Tijdens de zitting op 15 augustus 2017, waar beide partijen zich lieten vertegenwoordigen door hun gemachtigde, werd het procesverloop besproken. De rechtbank overwoog dat de eiser, die in het verleden asielaanvragen in Zwitserland en Duitsland had ingediend, onvoldoende bewijs had geleverd om aan te tonen dat Duitsland zijn asielaanvraag niet zorgvuldig zou behandelen. De rechtbank stelde vast dat de eiser geen documenten had overgelegd ter onderbouwing van zijn claims over de behandeling door de Duitse autoriteiten.

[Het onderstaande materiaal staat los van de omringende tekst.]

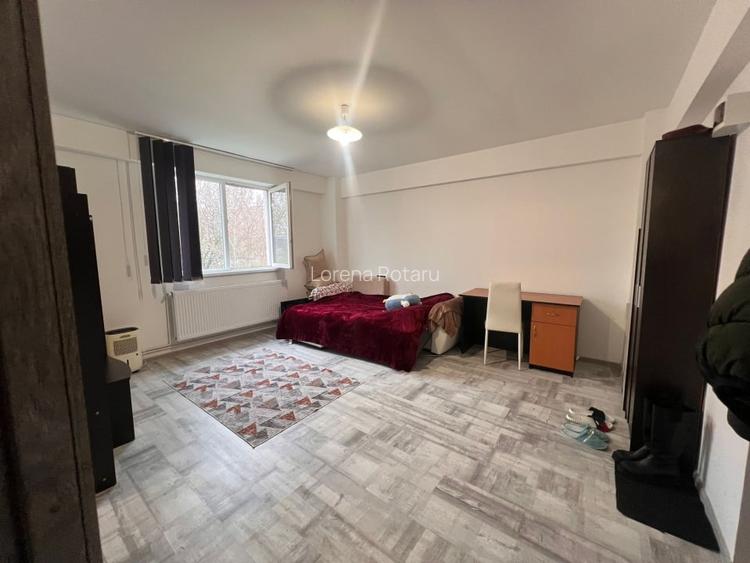Garsoniera semidecomandata, 31,1 mp, cartier Cornitoiu, zona Liceul Bibescu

De rechtbank concludeerde dat de staatssecretaris zich op het standpunt mocht stellen dat Duitsland op grond van de Dublinverordening verantwoordelijk was voor de behandeling van de asielaanvraag. De eiser had niet aangetoond dat er redenen waren om aan te nemen dat Duitsland zijn verdragsverplichtingen niet nakomt. Daarom werd het beroep van de eiser ongegrond verklaard en werd er geen aanleiding gezien voor een proceskostenveroordeling.
De uitspraak werd openbaar uitgesproken en partijen werden geïnformeerd over de mogelijkheid om binnen een week hoger beroep in te stellen bij de Afdeling bestuursrechtspraak van de Raad van State.